Because passive funds returns have outperformed active funds' (once you take fees into consideration) any way you look at it in the past 50 years with the only exception of recession periods. Actively managed funds outperform passively managed funds only during recession periods.

You will find active funds that outperform indexes at any given time but there is no set criteria to identify them and they are by no means consistent. Hence, there is no method by which to consistently beat the index that can be replicated.
 
All - I suggest you have a good read before giving out meaningless suggestions.

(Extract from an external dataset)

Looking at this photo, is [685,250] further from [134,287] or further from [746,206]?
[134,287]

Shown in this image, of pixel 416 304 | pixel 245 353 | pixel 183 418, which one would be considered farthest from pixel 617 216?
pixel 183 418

OP - email in trust if you wish. Most in here have no clue whatsoever
 
All - I suggest you have a good read before giving out meaningless suggestions.

OP - email in trust if you wish. Most in here have no clue whatsoever

Do you mind telling us what qualifies you to give better advice than the rest of us? Do you hold any academic or professional qualification related to finance or asset management or is it purely down to your personal studying of the subject?

If there is any conflict of interest perhaps it's appropriate to disclose it.
 
I'm in similar situation to OP (kinda).

What are good websites to get started in investments?

I have so far invested in a couple of multi-asset type growth funds, as ISAs, through Fidelity. Good idea? What else would you recommend?

:)
 
Do you mind telling us what qualifies you to give better advice than the rest of us? Do you hold any academic or professional qualification related to finance or asset management or is it purely down to your personal studying of the subject?

If there is any conflict of interest perhaps it's appropriate to disclose it.

Over the past few months I have been, unwillingly I might add, thrown into the world of investing. I certaindly do not know it all, but I have had to closely look at anything to do with fees inc IT's, hedge funds, direct equity holdings, bonds, guilts, Trusts etc. I do wonder if I know too much now to be honest with you. I wish I knew nothing and just plodded along, but sadly, this isn't how my brain works.

I am not a professional in this field, as as stated constanty, I wish to convey nothing as advice. Merely, I express my thoughts & experiences thus far in a world which delights in hidden charges, fees etc etc
 
I'm in similar situation to OP (kinda).

What are good websites to get started in investments?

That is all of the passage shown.